Trump também declarou que "chegou a hora de todos os americanos e da mídia confrontarem o fato de que a violência e o assassinato são a consequência trágica da demonização daqueles que discordam dia após dia".
O presidente dos EUA prometeu que seu governo "encontrará todos e cada um dos que contribuíram para essa atrocidade e outros atos de violência política, incluindo as organizações que financiam e apoiam isso, bem como aqueles que perseguem nossos juízes, agentes da lei e todos os que mantêm a ordem em nosso país".
"A violência política da esquerda radical feriu muitas pessoas inocentes e ceifou muitas vidas", disse ele, citando "o atentado contra minha vida em Butler, Pensilvânia, no ano passado, que tirou a vida de um marido e pai, os ataques a agentes do ICE (Immigration and Customs Enforcement), o assassinato brutal de um executivo do setor de saúde (Brian Thompson, CEO da United Healthcare) nas ruas de Nova York e o assassinato a tiros do líder da maioria na Câmara, Steve Scalise, e de outras três pessoas" em 2017.
Trump lamentou o assassinato de Kirk, que ele descreveu como "um mártir da verdade e da liberdade" e "um patriota que dedicou sua vida à causa do debate aberto e ao país que ele tanto amava".
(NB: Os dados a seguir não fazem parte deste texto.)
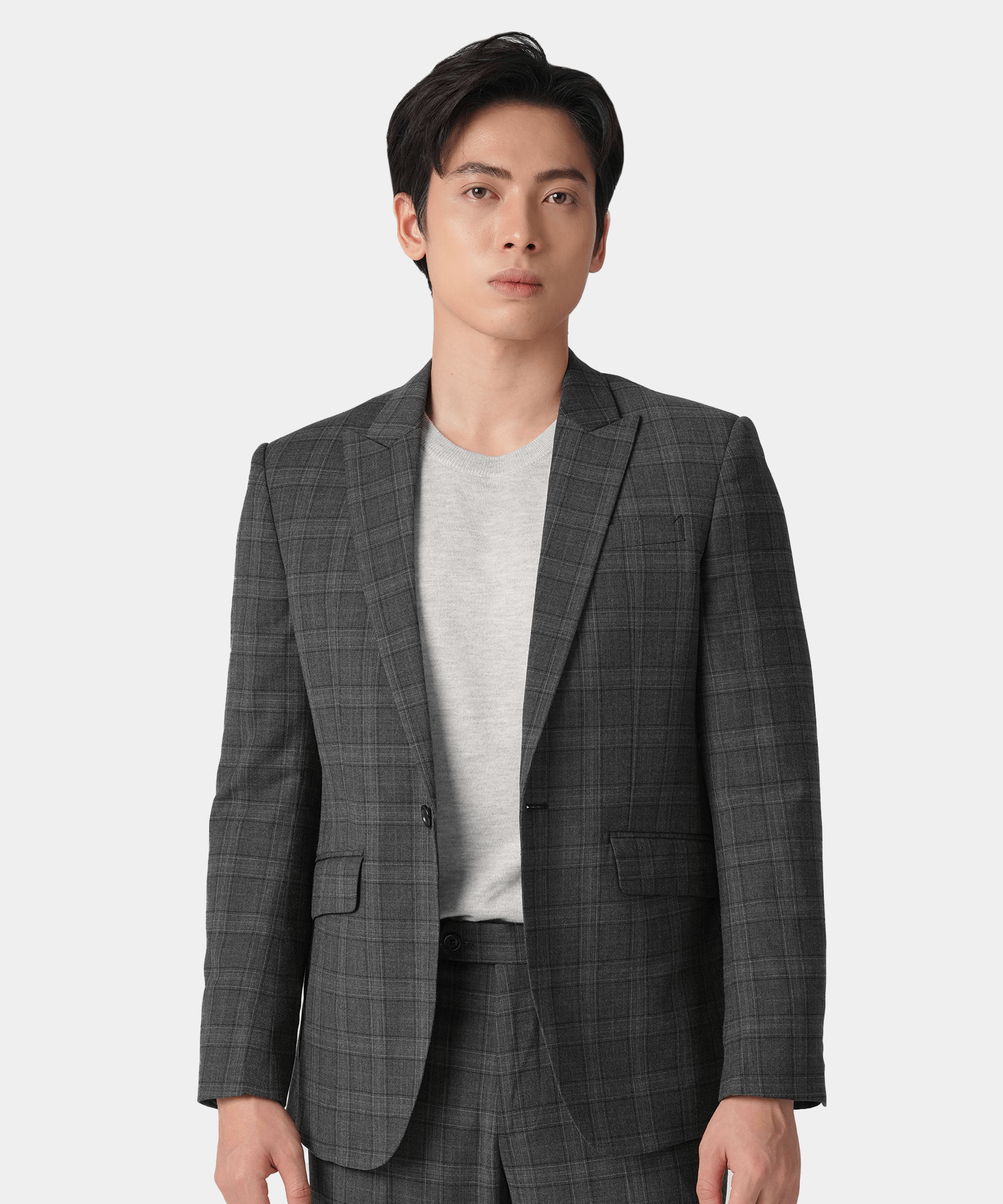 Áo Vest Nam VS.GR.25.B1-1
O governador do estado de Utah, Spencer Cox, também se juntou à condenação do crime, chamando-o de "assassinato político" e prometeu que seu governo encontrará o culpado e o responsabilizará "em toda a extensão da lei", que, lembrou ele, inclui "a pena de morte".
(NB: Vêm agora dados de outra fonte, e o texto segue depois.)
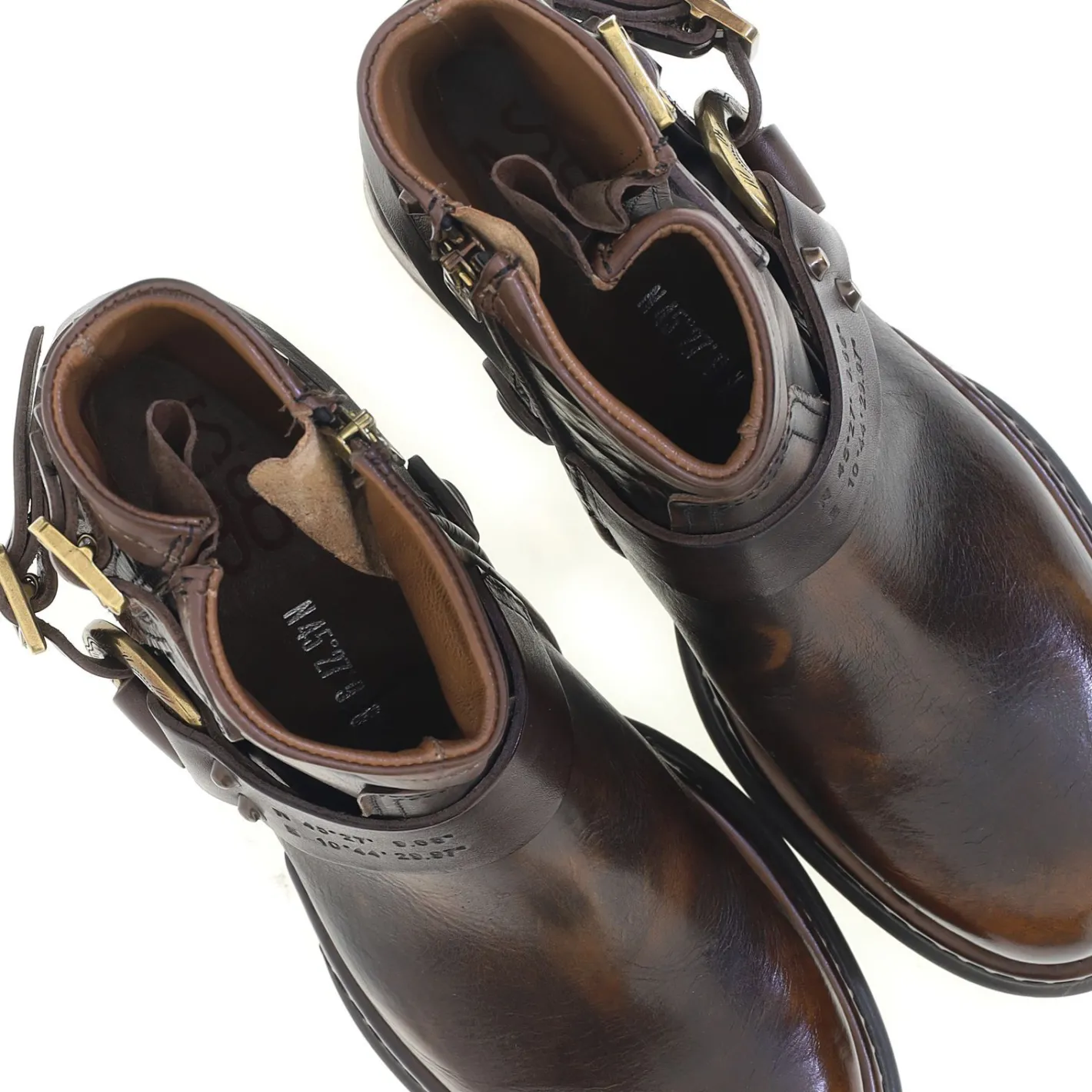 stiefeletten_casas_7-1.webp Shop STIEFELETTEN CASAS Damen Stiefeletten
O assassinato de Kirk ocorre no contexto de uma onda de violência política que também incluiu, além dos casos citados pelo presidente dos EUA, os assassinatos em junho da principal democrata na Câmara dos Deputados do estado de Minnesota, Melissa Hortman, juntamente com seu marido, Mark Hortman, e o ataque em abril à residência do governador da Pensilvânia, Josh Shapiro, também democrata.
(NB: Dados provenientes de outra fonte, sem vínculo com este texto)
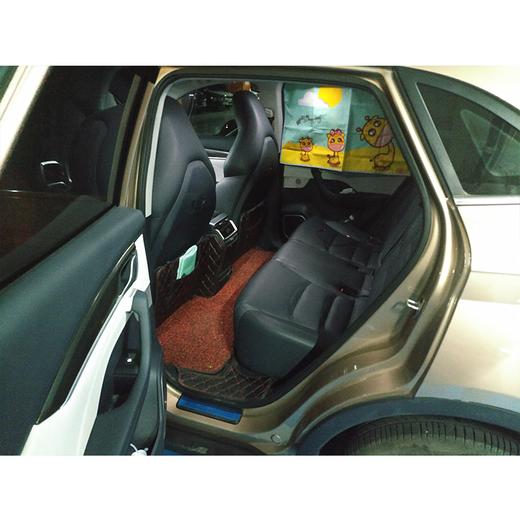 【月租-北京】威马 EX5 400 创新型顶配 商品图6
CAMPUS FECHADO POR UMA SEMANA ENQUANTO A INVESTIGAÇÃO CONTINUA
O FBI e o Departamento de Segurança Pública de Utah informaram em uma declaração conjunta que a investigação sobre os eventos continua ativa, depois que dois indivíduos foram presos e posteriormente liberados após serem considerados "sem vínculos atuais com o tiroteio". Como resultado, eles indicaram que "o campus da universidade permanecerá fechado até o fim da semana".
"Acredita-se que o tiroteio tenha sido um ataque direcionado. Acredita-se que o atirador tenha disparado do telhado de um prédio em direção ao local do evento público no pátio estudantil", disse o comunicado, sem fornecer mais detalhes "para a integridade da investigação".
Ambas as agências descreveram a situação como "um momento trágico para Utah e para o país". "Enquanto todos nós nos recuperamos, incentivamos aqueles que precisam de ajuda a ligar para 988, a linha direta de crise de saúde mental do nosso estado", disseram.